Los apellidos que sobreviven también traen música y resonancias que han sobrevivido a muchos
accidentes y centurias: hay familias que se apellidan Guapache, Guaiquirima, Guarique, Igualguana,
Characoto, Paravavire, Caicuto, Arainamo, Pericana, Guaregua. Prohibido olvidar que la
aproximación antropológica más cercana a la voz “arepa” proviene de por aquí, de este gentilicio y
de esta región.
En una asamblea entre comuneros (“Comuna Triunfadores Indígenas Cumanagoto”, ara que no
queden dudas) en Caigua, participaba Karina, mujer dulce que de entrada declaró su orgullo por su
origen, que por otra parte se le revelaba en los rasgos, en la textura cobriza de la piel. En algún
momento esa mujer se arrechó o la hicieron arrechar, y su exposición o intervención se convirtió en
un despertar de una rabia de siglos. Los gestos se tornaron abruptos, el verbo endurecido, las
facciones le afianzaron las huellas de un dolor milenario. Había algo en ese mover las manos y en la
expresión que no guardaba relación con casi ningún lenguaje corporal de otro lugar de Venezuela.
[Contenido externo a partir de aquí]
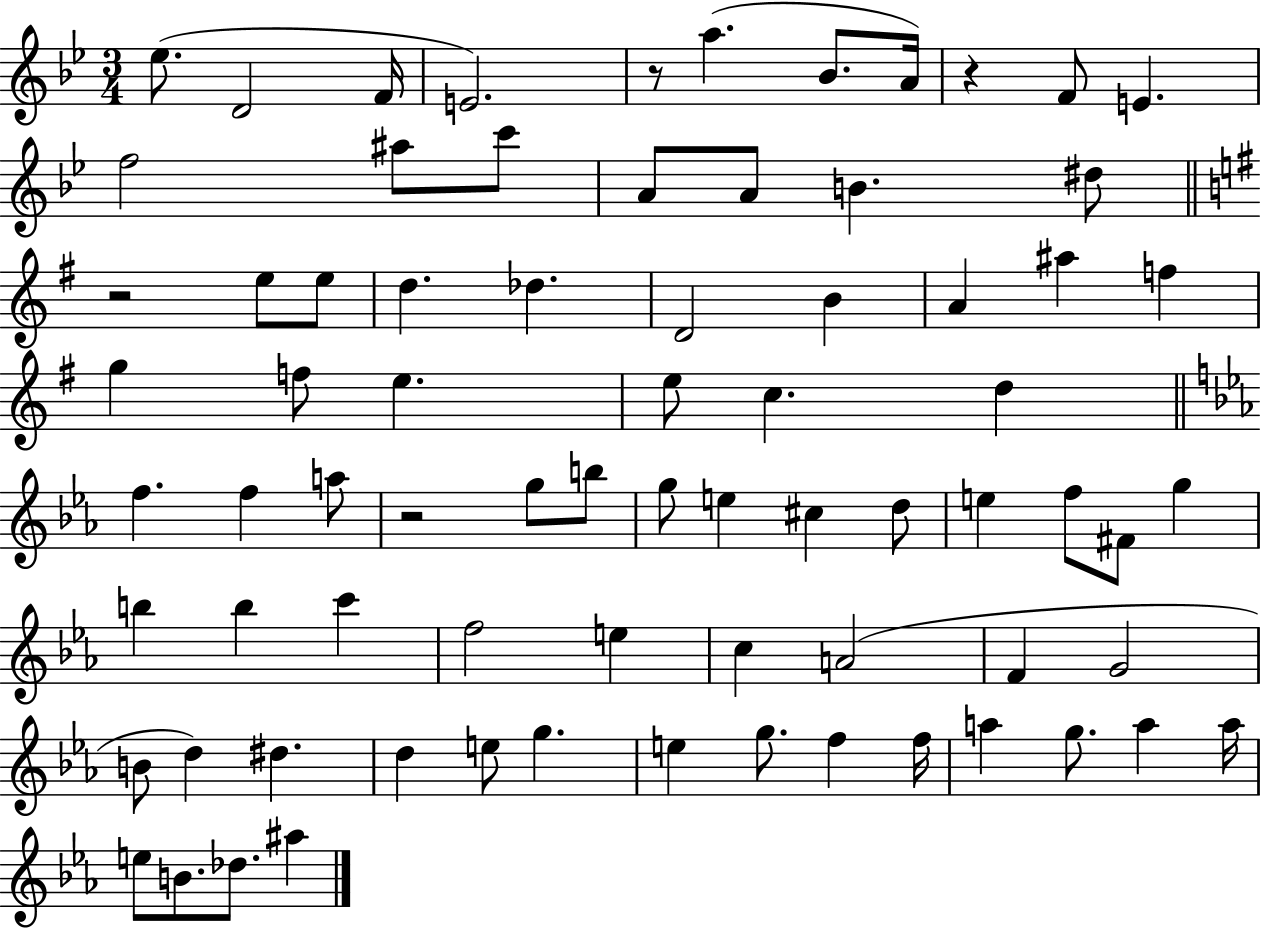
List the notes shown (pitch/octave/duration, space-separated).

Eb5/e. D4/h F4/s E4/h. R/e A5/q. Bb4/e. A4/s R/q F4/e E4/q. F5/h A#5/e C6/e A4/e A4/e B4/q. D#5/e R/h E5/e E5/e D5/q. Db5/q. D4/h B4/q A4/q A#5/q F5/q G5/q F5/e E5/q. E5/e C5/q. D5/q F5/q. F5/q A5/e R/h G5/e B5/e G5/e E5/q C#5/q D5/e E5/q F5/e F#4/e G5/q B5/q B5/q C6/q F5/h E5/q C5/q A4/h F4/q G4/h B4/e D5/q D#5/q. D5/q E5/e G5/q. E5/q G5/e. F5/q F5/s A5/q G5/e. A5/q A5/s E5/e B4/e. Db5/e. A#5/q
Los citadinos que estábamos allí estuvimos de acuerdo en que esa forma de moverse y de palabrear
(por cierto, Karina nunca perdió la coherencia ni el buen verbo, ni la clarísima reflexión política)
recordaba al momento en que los espiritistas, cultores de María Lionza, la “materia”, entran en
trance y reciben el ánima de Cuaicaipuro.
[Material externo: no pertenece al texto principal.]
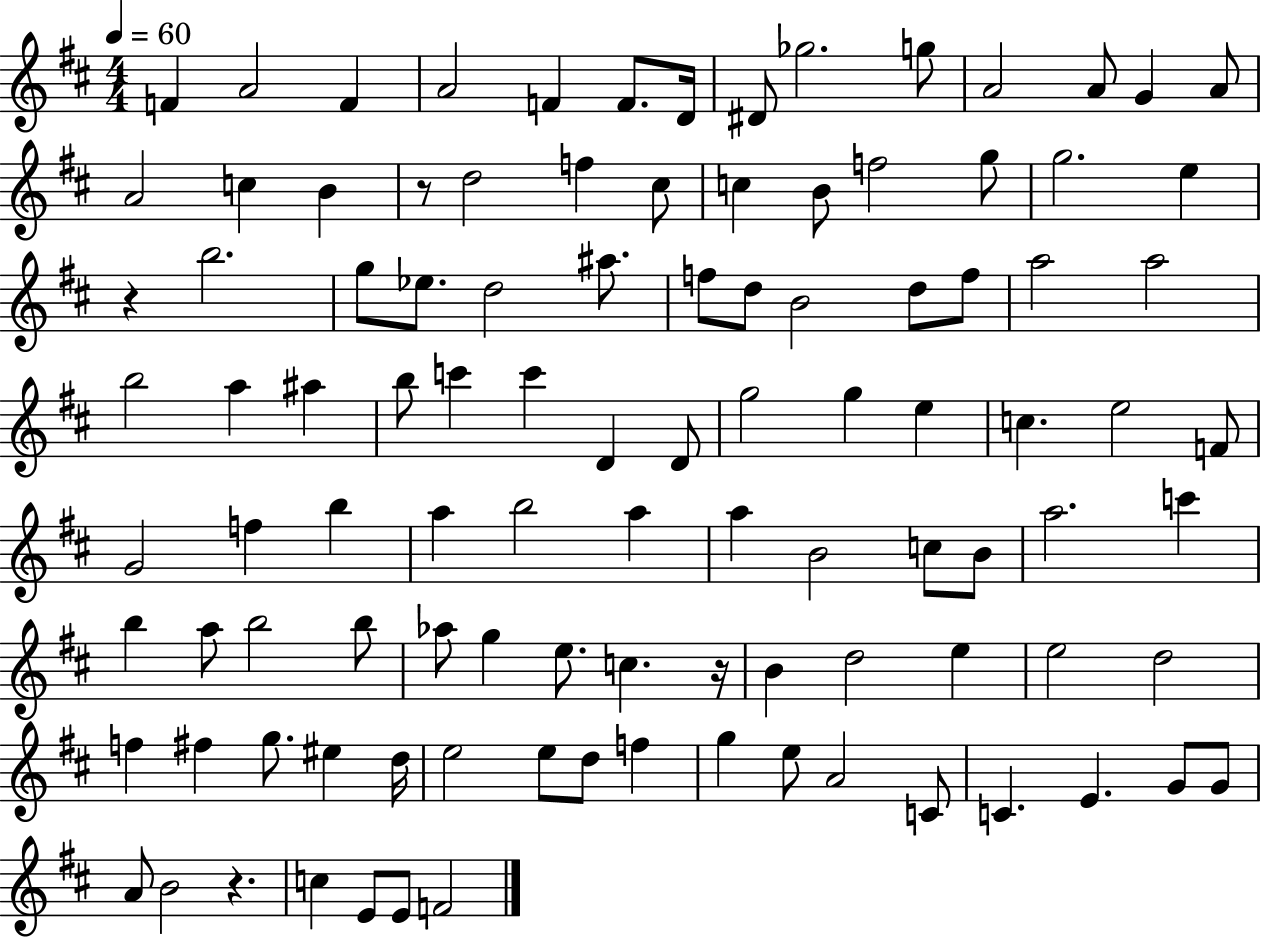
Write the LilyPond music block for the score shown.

Así se mueve Guaicaipuro (o la ancestralidad) en el cuerpo de sus receptores. Y sigue siendo un
privilegio asistir a estas manifestaciones de lo más profundo de lo que fueron los habitantes de esta
tierra. Empujados ahora sus descendientes a construir la ciudad del futuro, el impuslo predominante
es el volver al pasado a buscar datos de la otra cultura.